Friday, March 28, 2014

The business of baby names

I don't think Steven D. Levitt and Stephen J. Dubner are going to sue me for doing this. Below portion taken from Freakonomics.

Very interesting rational book - a good chapter that would interest any parent naming her newborn baby.

"The belief in parental power is manifest in the first official act a parent commits: giving the baby a name. As any modern parent knows, the baby-naming industry is booming, as evidenced by a proliferation of books, websites, and baby-name consultants. Many parents seem to believe that a child cannot prosper unless it is hitched to the right name; names are seen to carry great aesthetic or even predictive powers.

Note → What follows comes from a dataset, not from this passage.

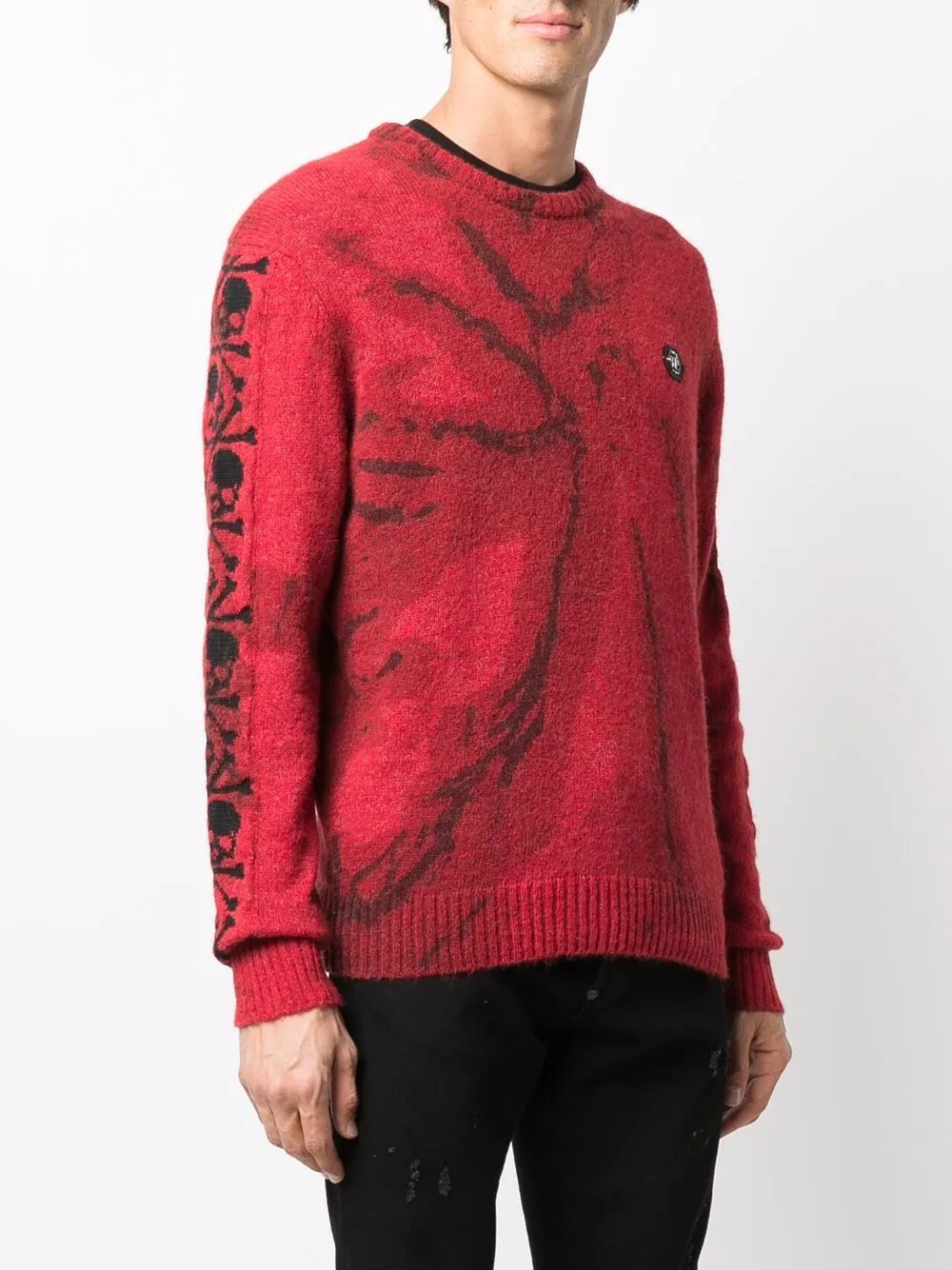 фото Philipp plein толстовка с эффектом потертости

This might explain why, in 1958, a New York City man named Robert Lane decided to call his baby son Winner. The Lanes, who lived in a housing project in Harlem, already had several children, each with a fairly typical name. But this boy—well, Robert Lane apparently had a special feeling about this one. Winner Lane: how could he fail with a name like that?

Three years later, the Lanes had another baby boy, their seventh and last child. For reasons that no one can quite pin down today, Robert decided to name this boy Loser. It doesn’t appear that Robert was unhappy about the new baby; he just seemed to get a kick out of the name’s bookend effect. First a Winner, now a Loser. But if Winner Lane could hardly be expected to fail, could Loser Lane possibly succeed?

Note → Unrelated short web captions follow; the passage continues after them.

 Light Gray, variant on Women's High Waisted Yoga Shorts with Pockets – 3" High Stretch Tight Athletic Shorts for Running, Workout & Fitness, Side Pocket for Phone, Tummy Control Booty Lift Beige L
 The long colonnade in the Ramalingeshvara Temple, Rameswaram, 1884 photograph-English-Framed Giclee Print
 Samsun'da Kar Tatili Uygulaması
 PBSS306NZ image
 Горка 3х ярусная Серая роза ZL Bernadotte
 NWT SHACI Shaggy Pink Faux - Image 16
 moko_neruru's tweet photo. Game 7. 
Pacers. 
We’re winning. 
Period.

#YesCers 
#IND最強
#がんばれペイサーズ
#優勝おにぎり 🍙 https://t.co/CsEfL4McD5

Loser Lane did in fact succeed. He went to prep school on a scholarship, graduated from Lafayette College in Pennsylvania, and joined the New York Police Department (this was his mother’s longtime wish), where he made detective and, eventually, sergeant. Although he never hid his name, many people were uncomfortable using it. “So I have a bunch of names,” he says today, “from Jimmy to James to whatever they want to call you. Timmy. But they rarely call you Loser.” Once in a while, he said, “they throw a French twist on it: ‘Losier.’ ” To his police colleagues, he is known as Lou.

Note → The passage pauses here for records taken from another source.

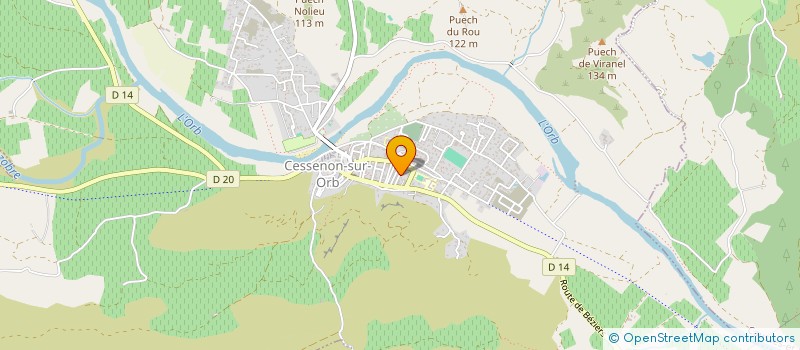 localisation de l'entreprise SCI LE CAP  ROQUEBRUN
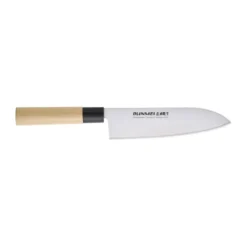 Bunmei santokukniv 18 cm, Rostfritt stål
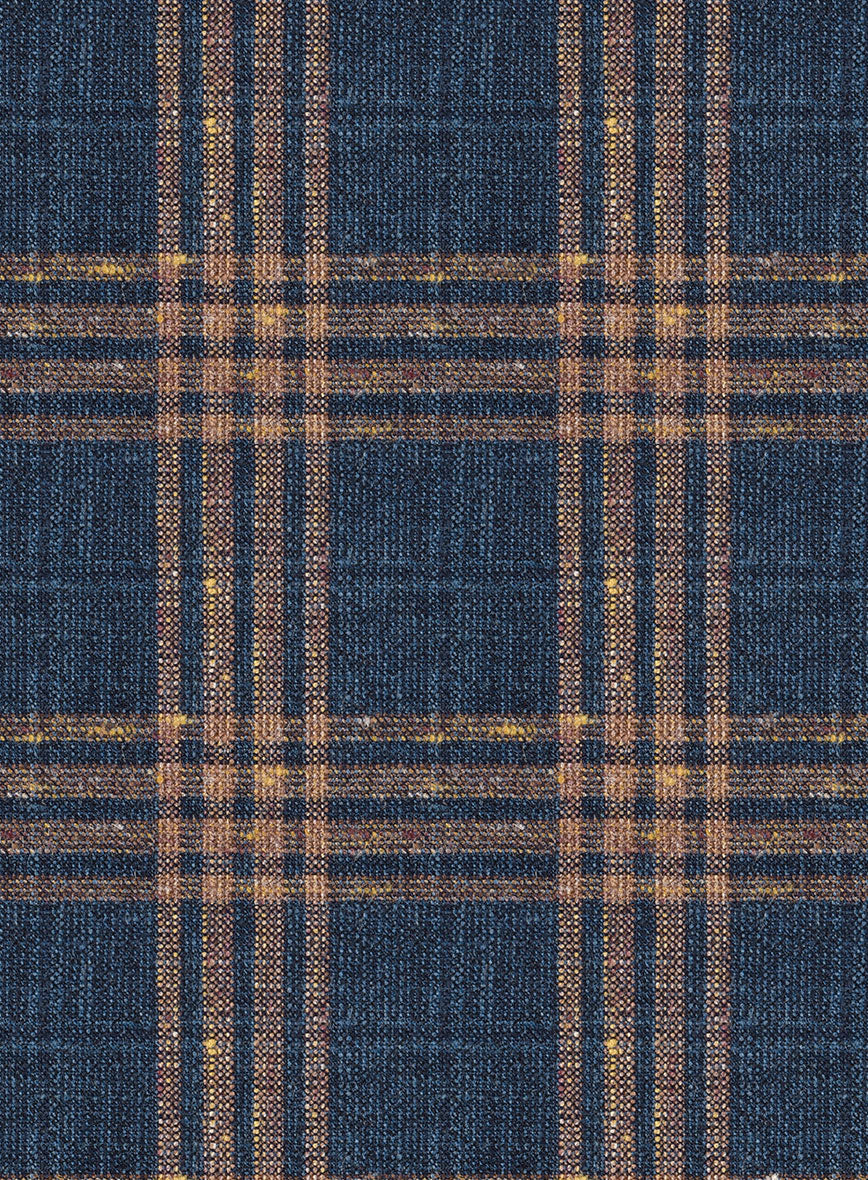 Noble Santiago Blue Wool Silk Linen Suit - Image 7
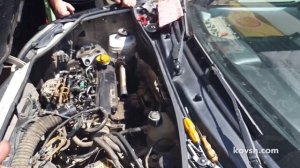 Как определить причину дымления и расхода масла. Renault Kangoo 1.5d K9K710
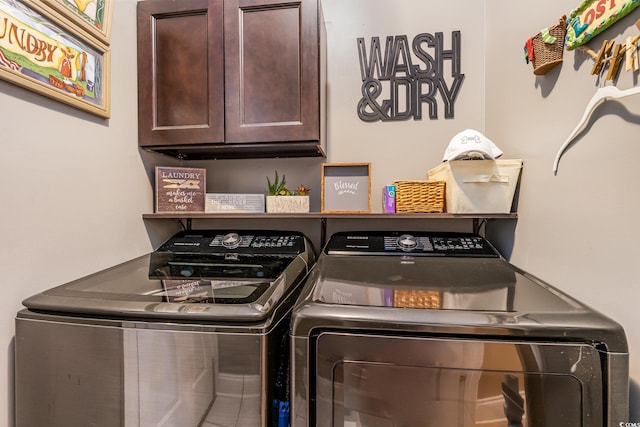 3757 Kingsley Dr, Myrtle Beach, SC 29588 - washroom with cabinet space and washing machine and dryer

And what of his brother with the can’t-miss name? The most noteworthy achievement of Winner Lane, now in his midforties, is the sheer length of his criminal record: nearly three dozen arrests for burglary, domestic violence, trespassing, resisting arrest, and other mayhem.

These days, Loser and Winner barely speak. The father who named them is no longer alive. Clearly he had the right idea—that naming is destiny—but he must have gotten the boys mixed up."

Cheers..!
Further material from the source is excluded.